Beginning with the line that contains "2012 BMW X3", write out each remaining line of the records below exactly. Do not copy any picture.

[[ RECORDS SUPPLIED, beginning ]]

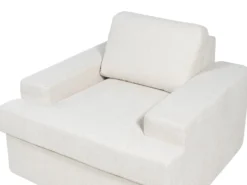 Sofasæt 4 personers ALLA Lys Beige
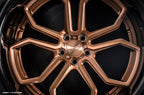 CMST - FORGED ALLOYS WHEELS CT244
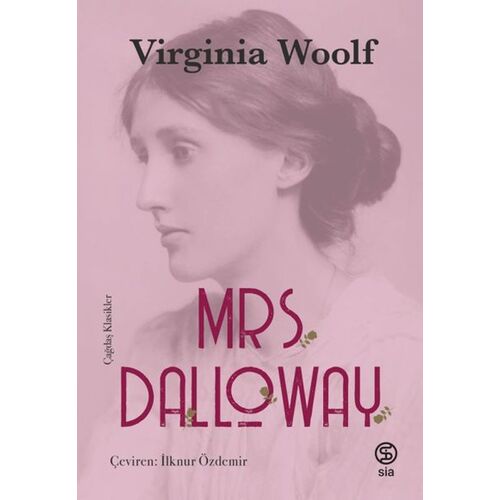 Mrs. Dalloway - Virginia Woolf - Sia Kitap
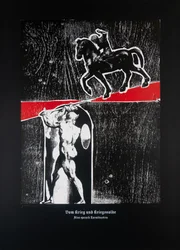 On War and Warriors (Black), Thus Spoke Zarathustra, 2024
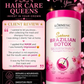 Kormesic Professional Sakura Brazilian Botox Hair Mask 1000ml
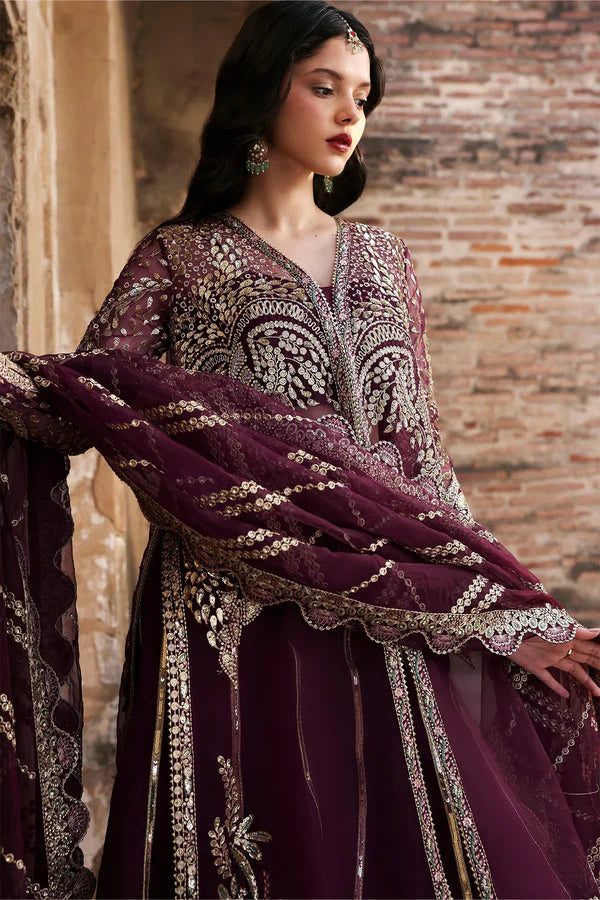 Kaashvi ayzel formals-Taraani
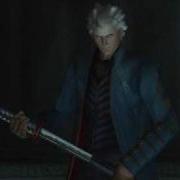 Divine Hate Vergil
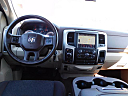 Thumbnail image of 2018 Ram 1500 at Gary Mathews Motors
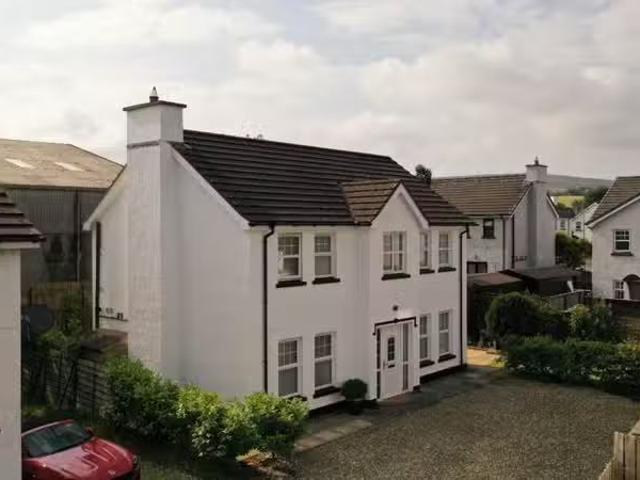 House for sale in Caher, South Tipperary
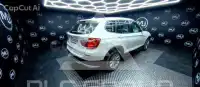 2012 BMW X3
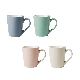 Creative Promotion Gift Ceramic Porcelain Coffee Mug Cup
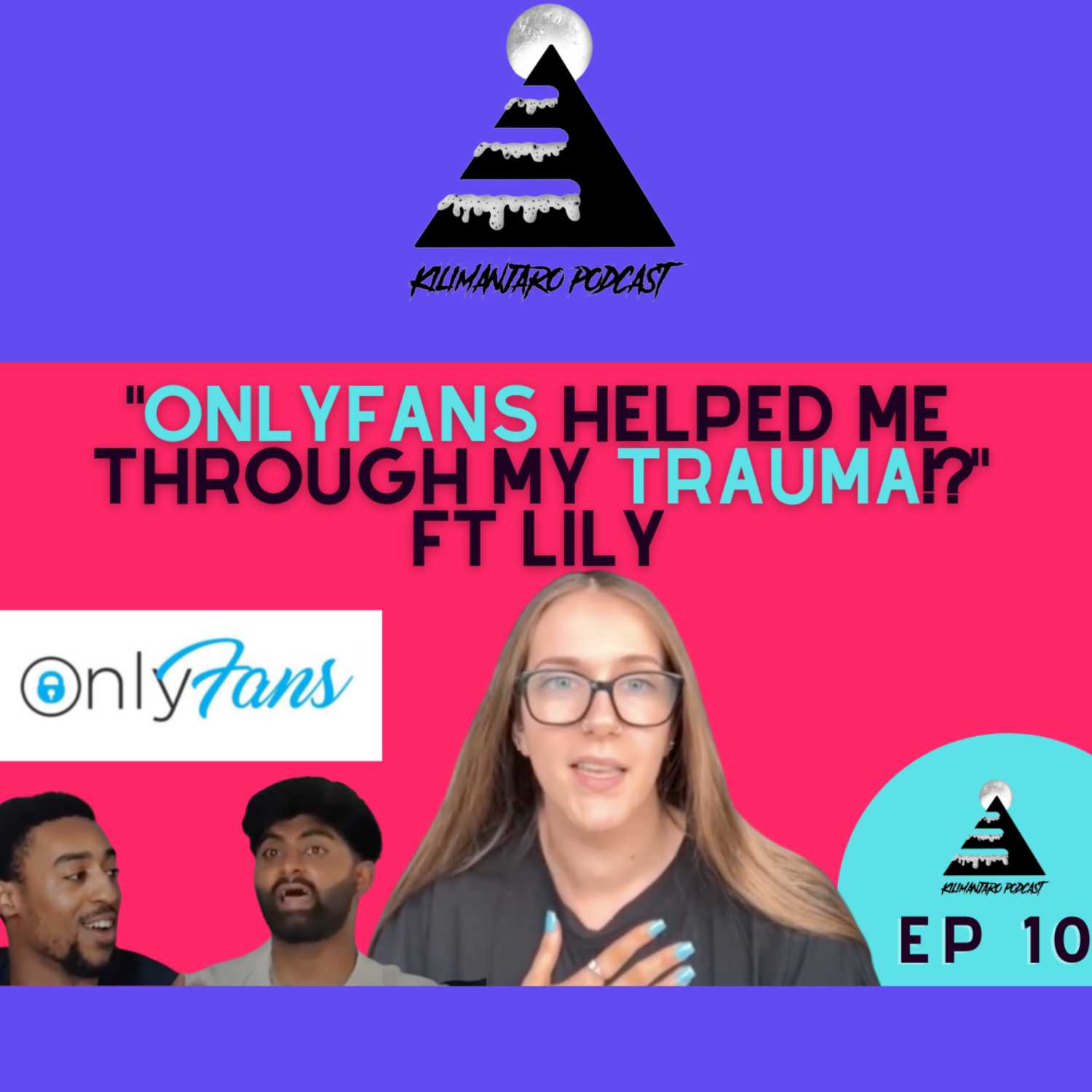Kilimanjaro Podcast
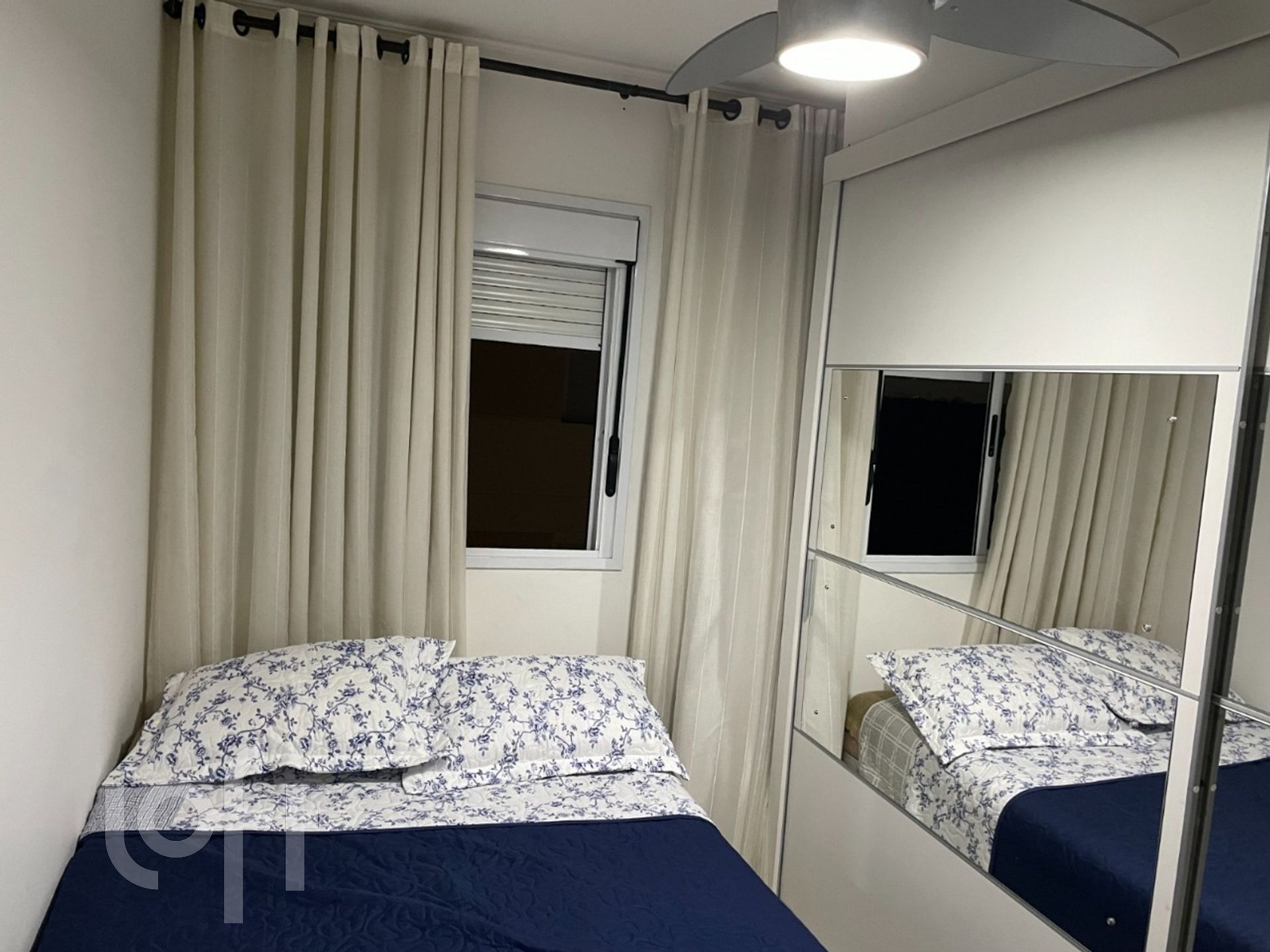 Apartamento à venda com 4 quartos, 64m² - Foto 7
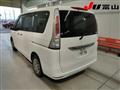 2011 Nissan Serena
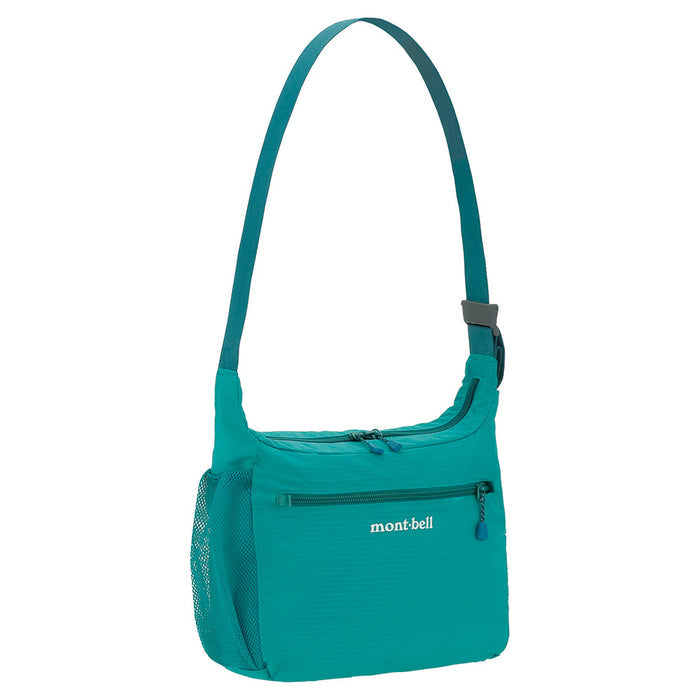 Montbell Pocketable Light Shoulder Bag S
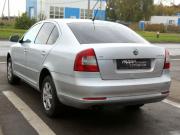 Skoda Octavia II (A5) Рестайлинг Иваново  - изображение 24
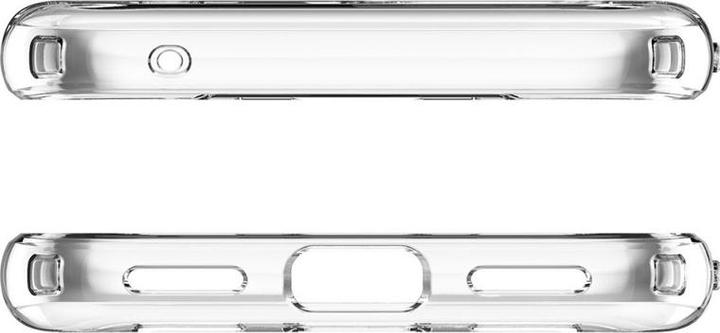 Produktbild Spigen Ultra Hybrid TPU Back Cover Durchsichtig Google Pixel 8a (Google Pixel 8a)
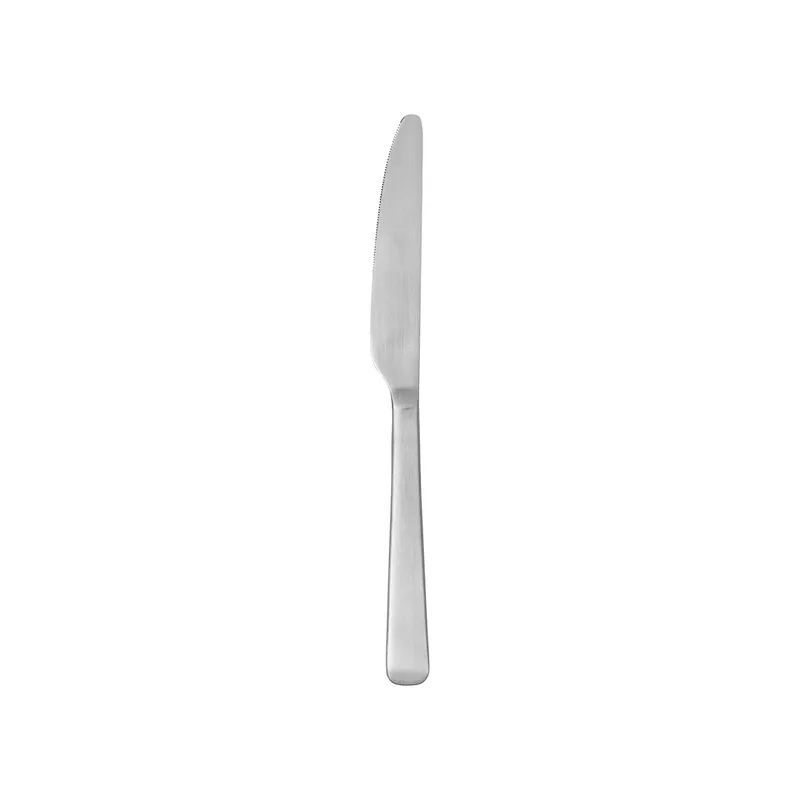 Hune Dinner Knife by Broste Copenhagen – product photo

[[ RECORDS SUPPLIED, end ]]

EXPECTED OUTPUT
 2012 BMW X3
 Creative Promotion Gift Ceramic Porcelain Coffee Mug Cup
Kilimanjaro Podcast
 Apartamento à venda com 4 quartos, 64m² - Foto 7
 2011 Nissan Serena
 Montbell Pocketable Light Shoulder Bag S
 Skoda Octavia II (A5) Рестайлинг Иваново  - изображение 24
 Produktbild Spigen Ultra Hybrid TPU Back Cover Durchsichtig Google Pixel 8a (Google Pixel 8a)
 Hune Dinner Knife by Broste Copenhagen – product photo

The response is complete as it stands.